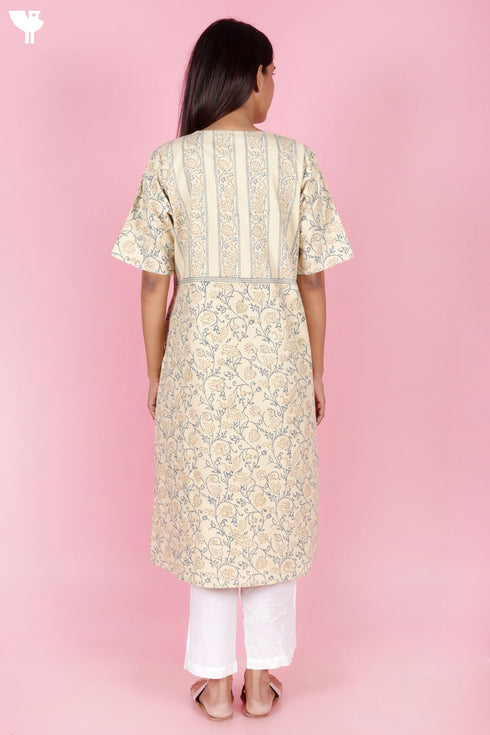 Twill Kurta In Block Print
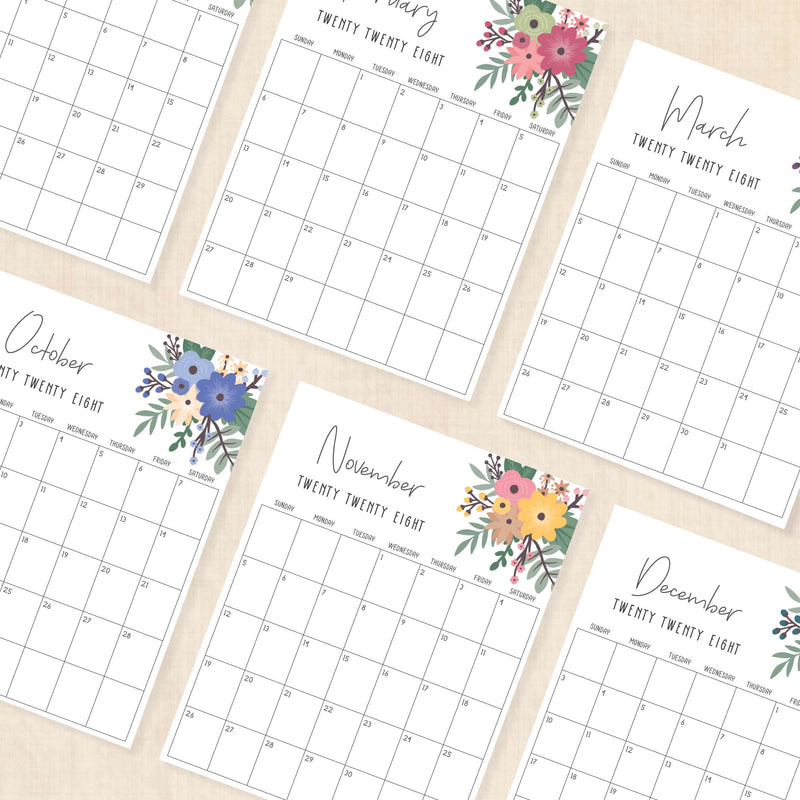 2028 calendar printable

════

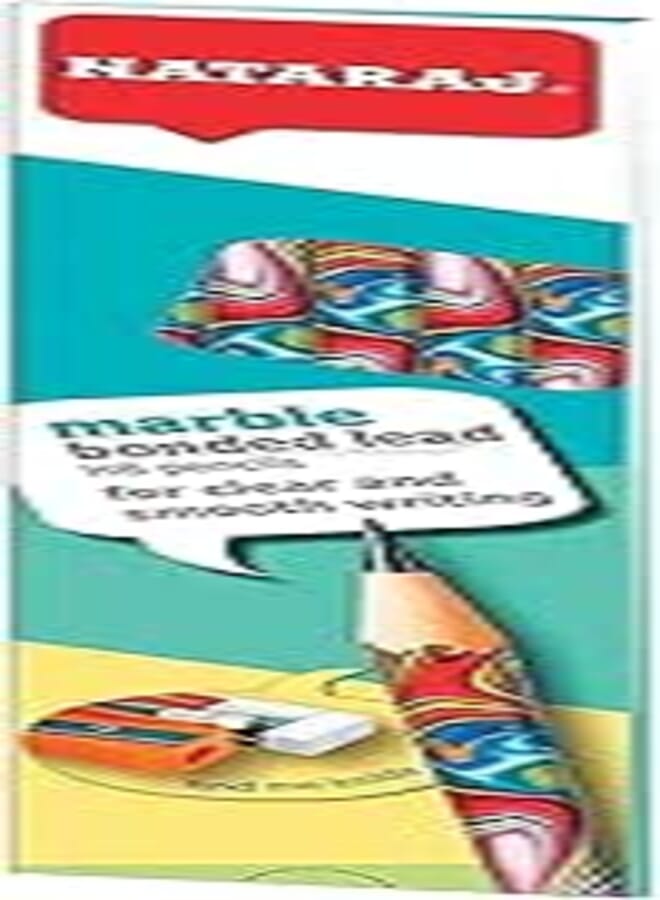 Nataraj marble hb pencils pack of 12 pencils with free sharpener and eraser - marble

════

Exercise prompt
Within the listing above, print exactly the stretch beginning at the line that contains "Twill Kurta In Block Print" and finishing at the line that contains "2028 calendar printable", ends kept, pictures left out, and nothing more.

Task solution
 Twill Kurta In Block Print
 2028 calendar printable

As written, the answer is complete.